Regarded by both Trinidad and Tobago and Venezuela as an important lifeline in circumstances where both countries are experiencing economic pressures, the Dragon Gas Field Project, under which the two countries stand to benefit from the recovery of the gas field situated in Venezuelan territory, the likelihood, or otherwise, of the project moving ahead may become an issue again with the return of Donald Trump to a second tilt at the United States presidency following his victory at the polls earlier this month.
With relations between Washington and Caracas having ‘cooled’ somewhat under the presidency of Joe Biden, the return of Trump to the White House, many analysts believe, may rekindle what had been the mutually hostile posture of the two capitals to each other under the earlier Trump administration.
While the so-called Dragon Gas Project is seen in both Port-of-Spain and Caracas as important to the two economies that are both experiencing difficulties, Washington with President Trump in the White House, is believed to be likely to return to a condition of frostiness with Trump moving to stifle the Project, throwing a spanner into the works by re-kindling its ire over President Nicholas Maduro being returned to office earlier this year.

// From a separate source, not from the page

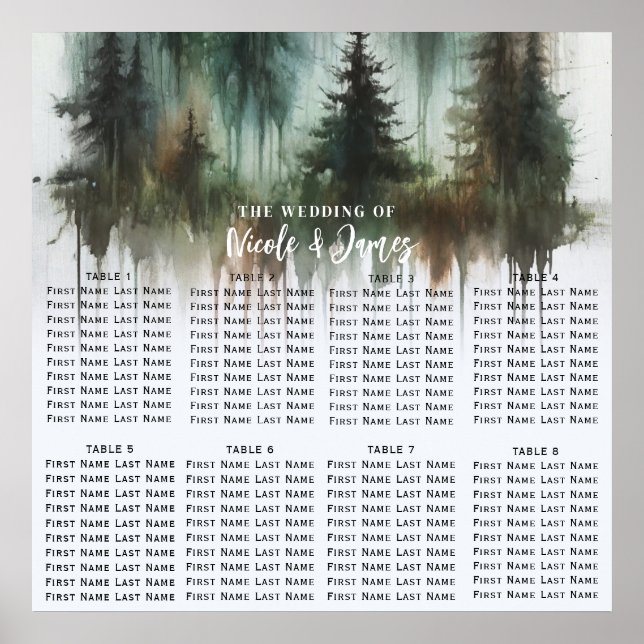 Wasserfarben Bäume Rustikale Hochzeit Poster (Vorne)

Back in September 2023, the governments of Venezuela and Trinidad and Tobago struck a profit-sharing agreement that allowed them to jointly exploit the Dragon gas field, with Trinidad exporting natural gas from the PDVSA project. Washington, however, has never concealed its uneasiness over Venezuela, under the Maduro administration, benefitting from the project. The Dragon field is located in Venezuela’s territorial waters, is believed to contain approximately 4.2 trillion cubic feet of natural gas and could serve as an energy lifeline for Trinidad and Tobago at a time when its petro resources are widely believed to be dwindling rapidly. A protracted period of to-ing and fro-ing between Washington and Port-of-Spain eventually led to the latter being given the ‘green light’ to develop the Dragon field though the conditions of the arrangement dictated that the state-run Venezuela PDVSA not receive payments in cash from the gas recovered from the Dragon Gas Field.